Mike I agree with what you say but I would expect a $400-$500 price range Katana to be safe enough to cut with.  Most of the reasons for a highly priced production blade are due to polish and fittings, no?  Don't most of these start out as $400-$500 swords then go up from there.  My point being i would still expect the foundation to be good from the start.  I would not however expect it to be the most beautiful sword.  I know its off topic but I got excited so excuse me.  I have some pics from Aaron Justice who is doing one of his fingerstone polishes on my Dynasty Forge Tri-Folded Katana.  I thought I would share them,  Aaron stated that he still has some work yet and touching up to do but i am extremely impressed as of now just from the pictures.
***Aaron, If you check this post hope your not mad at me for the pre-mature post of your work.

----------


## Timo Qvintus

was the hamon straight suguha? unless it was something's wrong with that polish.. although it may be just the work-in-progress nature of the pictures.

----------


## Aaron Justice

> was the hamon straight suguha? unless it was something's wrong with that polish.. although it may be just the work-in-progress nature of the pictures.


Timo, I know you've been around long enough to have seen a lot of hamons polished in a suguha fashion. I know I've seen my share.

http://japaneseswords.gotdns.com/pro...e/masahide.jpg

I can't find the picture but there was a Gendaito polished by Brandon Thell done in a similar fashion. This one will be more of a notare-suguha when finished.

----------


## Timo Qvintus

> Timo, I know you've been around long enough to have seen a lot of hamons polished in a suguha fashion. I know I've seen my share.
> 
> http://japaneseswords.gotdns.com/pro...e/masahide.jpg
> 
> I can't find the picture but there was a Gendaito polished by Brandon Thell done in a similar fashion. This one will be more of a notare-suguha when finished.


Right you are.
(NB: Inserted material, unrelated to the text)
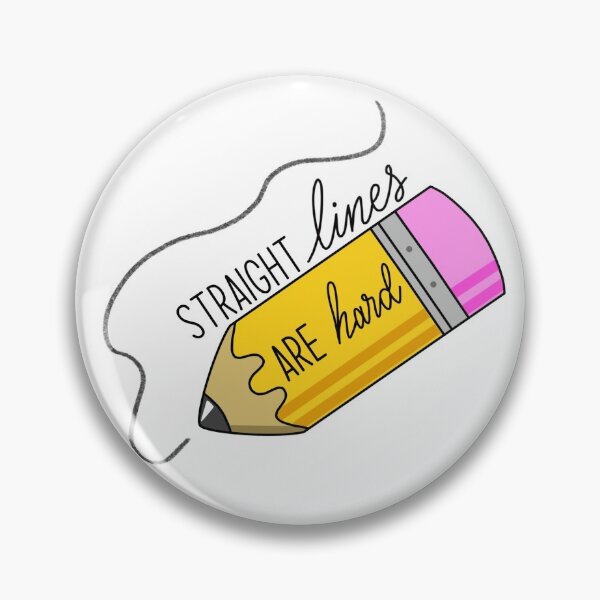 Item preview, Straight Lines Are Hard designed and sold by For Art Sake.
I just got suspicious since very few production swords actually have a suguha hamon..

----------


## Aaron Justice

I'm actually trying some stuff I've never done before with this one. I still have a little bit more cleaning to even some of it out, but what's pictured is about an 80% finished product. This blade has a very strong and active habuchi, and often times hazuya will cover over it to a good degree, so I've been experimenting a bit to get it to show up a bit more. Still haven't hit nugui yet.

----------


## Timo Qvintus

> while I sympathise with Timo on a lot of his points its always going to come back to the cliche' of "you get what you pay for"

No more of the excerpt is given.